Re: Missing the point, I think...
10^9 core MPP systems are now viable. At that scale we can drop the Turing Machine model,
Not really. We're still stuck with the Turing model in an abstract sense and the Von Neumann model in more practical terms. We just have to adapt them to be more aware of multi-core and multi-processor systems. And in fact, we pretty much have done so years ago and there hasn't been any great paradigm shift.
and progress to an Object Machine, where every element of data is an active processing element
It sounds like you're talking about agent-based programming. Again, it hasn't caught on, except in writing botnets and perhaps back-ends for massively-multiplayer online games.
generating random sequences of logic and see if they do anything useful
And just how do you decide what's "useful"? Or as Robert Pirsig put it in Zen and The Art of Motorcycle Maintenance, "And what is good, Phaedrus, And what is not good—Need we ask anyone to tell us these things?" You'd probably enjoy reading that since it's really about philosophy, not hard computer science.
because all software will be written by software(*)
Of course. And the Singularity will arrive and bathing in Unicorn Milk will keep us young forever.
do not just binary digital processing but higher-base hardware processing ... feed a base-3 digital processor a compatible pair of base-2 & base-3 instructions
Hmm... Are you really amanfrommars in disguise? If so I claim my £5.

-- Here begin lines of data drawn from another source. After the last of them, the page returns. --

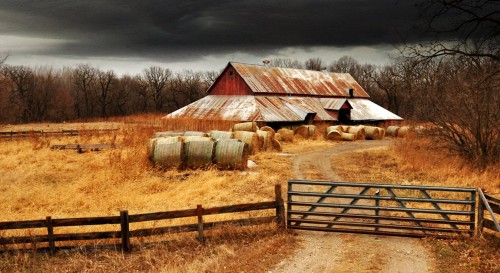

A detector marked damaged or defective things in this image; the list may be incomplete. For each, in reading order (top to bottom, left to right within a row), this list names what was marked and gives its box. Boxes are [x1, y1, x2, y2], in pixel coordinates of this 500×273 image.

rusty metal roof [229, 62, 370, 98]
rusty metal roof [167, 95, 336, 121]
rusty metal roof [350, 98, 404, 119] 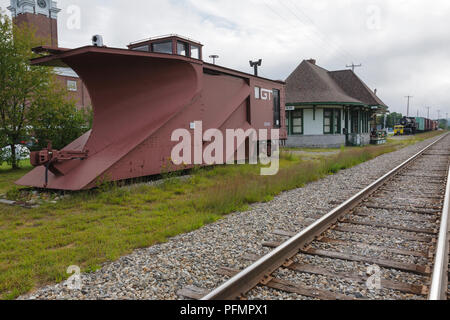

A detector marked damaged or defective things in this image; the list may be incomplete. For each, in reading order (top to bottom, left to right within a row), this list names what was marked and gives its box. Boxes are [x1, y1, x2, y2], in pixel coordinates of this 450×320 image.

rusty snowplow [18, 35, 284, 190] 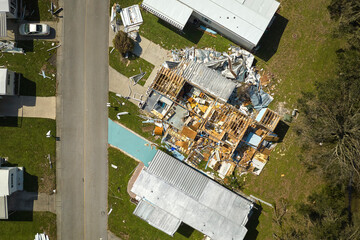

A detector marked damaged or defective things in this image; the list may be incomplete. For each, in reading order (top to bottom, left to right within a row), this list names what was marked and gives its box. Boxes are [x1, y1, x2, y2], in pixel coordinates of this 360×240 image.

damaged roof [130, 151, 253, 239] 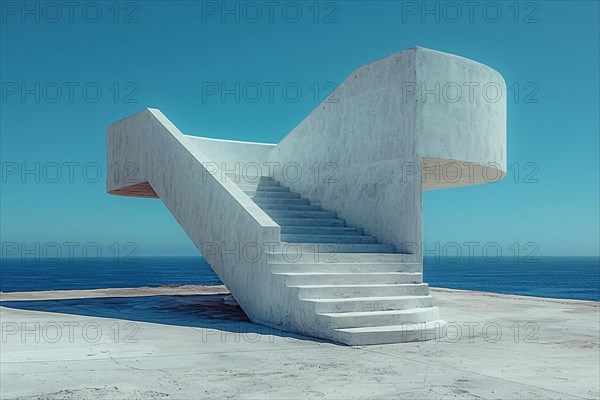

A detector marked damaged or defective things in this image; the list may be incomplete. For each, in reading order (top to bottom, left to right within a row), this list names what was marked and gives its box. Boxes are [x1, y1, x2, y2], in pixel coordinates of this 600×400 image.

cracked concrete surface [0, 286, 596, 398] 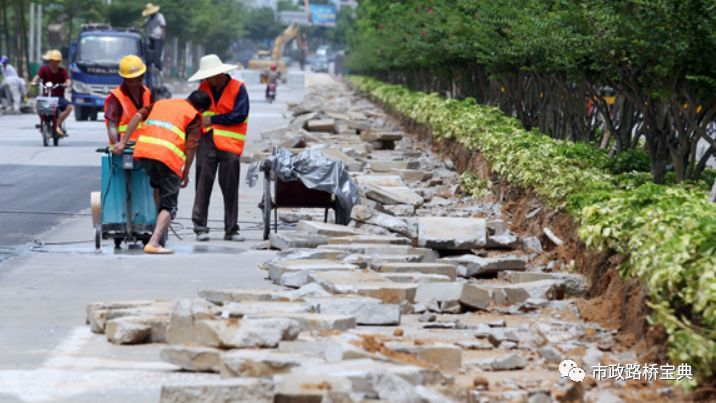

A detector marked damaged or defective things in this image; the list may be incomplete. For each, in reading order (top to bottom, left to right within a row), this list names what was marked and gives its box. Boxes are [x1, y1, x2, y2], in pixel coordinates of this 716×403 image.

broken concrete slab [366, 185, 422, 207]
broken concrete slab [268, 232, 330, 251]
broken concrete slab [296, 219, 366, 238]
broken concrete slab [352, 205, 416, 240]
broken concrete slab [416, 216, 490, 251]
broken concrete slab [372, 262, 456, 280]
broken concrete slab [440, 256, 528, 278]
broken concrete slab [414, 282, 464, 304]
broken concrete slab [167, 298, 218, 346]
broken concrete slab [193, 318, 300, 350]
broken concrete slab [245, 312, 356, 332]
broken concrete slab [160, 346, 222, 374]
broken concrete slab [221, 352, 316, 380]
broken concrete slab [386, 342, 464, 370]
broken concrete slab [159, 378, 274, 403] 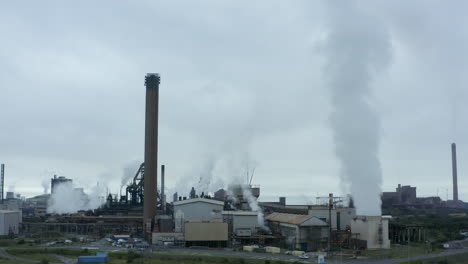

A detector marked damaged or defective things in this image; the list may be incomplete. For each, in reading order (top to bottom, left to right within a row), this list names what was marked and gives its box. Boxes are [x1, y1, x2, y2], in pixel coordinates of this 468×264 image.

rusty steel structure [144, 72, 160, 235]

But seriously, do you even know what Turing-complete means? In particular, a Turing machine can be re-expressed in terms of Gödel numbers, which it turn can be mapped onto the set of natural numbers. Crucially, all practical number bases are isomorphic to each other, so binary, ternary or base 10 (or balanced ternary or whatever) all have the same expressive power so there's no theoretical reason to favour one over the other. It only comes down to issues of practicality. For most purposes binary is good enough, and it's only if you want to represent certain numbers with a finite number of digits that you might want to consider other bases (the string to represent 1/10 is infinitely long it binary, for example, while it's just "0.1" in decimal or binary coded decimal, for example). And in case you're wondering, going from the natural numbers to the reals doesn't magically grant your computer new powers either: the naturals are perfectly sufficient for "universal" computation, so, eg, a phinary-based computer can't do anything more than a binary one can, except be a pain to build and program. Another book recommendation for you: you might like Godel, Escher, Bach, and Eternal Golden Braid...

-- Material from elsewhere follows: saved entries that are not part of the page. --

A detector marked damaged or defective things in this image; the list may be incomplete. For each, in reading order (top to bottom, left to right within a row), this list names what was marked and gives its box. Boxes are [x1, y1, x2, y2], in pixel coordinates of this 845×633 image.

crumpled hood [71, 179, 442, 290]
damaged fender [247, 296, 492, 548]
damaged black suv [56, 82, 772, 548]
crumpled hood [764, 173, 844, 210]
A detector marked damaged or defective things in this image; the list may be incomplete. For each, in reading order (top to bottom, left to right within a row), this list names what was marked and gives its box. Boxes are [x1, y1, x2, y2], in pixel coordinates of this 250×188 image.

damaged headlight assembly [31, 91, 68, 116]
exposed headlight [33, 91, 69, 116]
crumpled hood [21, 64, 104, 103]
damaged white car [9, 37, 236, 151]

(*) Actually, there is one kind of "program that writes programs" that can benefit from having massive amount of cores to work with, though I mean "program" in the kind of mathematical sense that Turing did, rather than the way you think of it (eg, a word-processing package). I'm thinking of something like Turbo Codes, which are effectively bit-level programs that tell a receiving computer how to reconstruct some embedded data even if some of the bits are dropped or corrupted in transit.

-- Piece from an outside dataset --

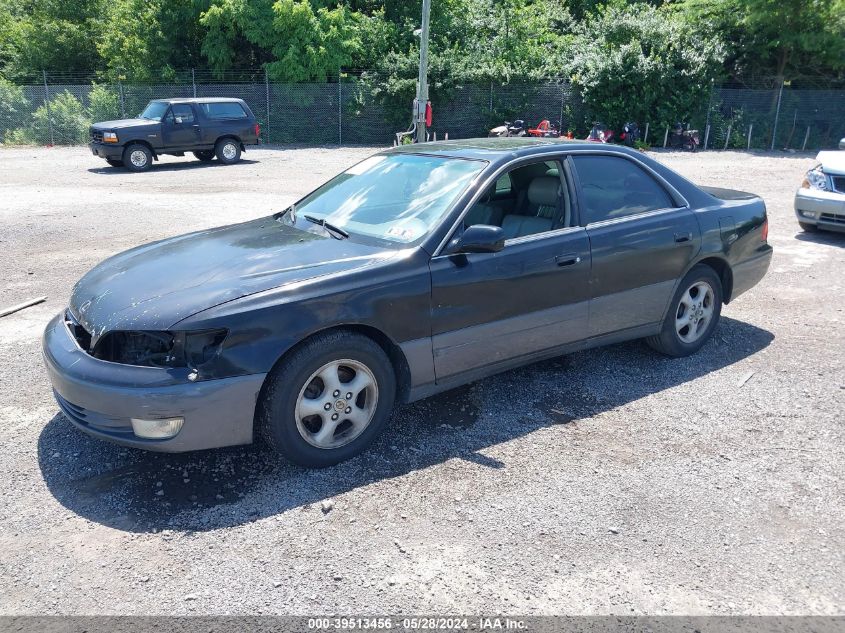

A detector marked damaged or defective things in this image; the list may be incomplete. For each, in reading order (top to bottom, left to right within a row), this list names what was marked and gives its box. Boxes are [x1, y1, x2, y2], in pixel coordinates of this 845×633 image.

damaged front bumper [42, 312, 264, 450]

Another, similar type of application is data compression, since you can treat the compressed data as a "program" that tells the decoder how to unpack the message. I think that that's the most interesting possible application in this realm: given enough computing power, we should be able to try out many different ways of compressing some given data and output a compressed string and a decompressor. Obviously, this still isn't going to be able to magically compress incompressible data and it's quite impractical as a replacement for general-purpose compression schemes like gzip, bzip and so on (since there is an infinite--or worse, transfinite--number of "languages" to consider, and the best compression ratio possible is sensitive to the choice of language) but it still could be quite useful for discovering good compression schemes for certain types of data. See Kolmogorov Complexity for background details.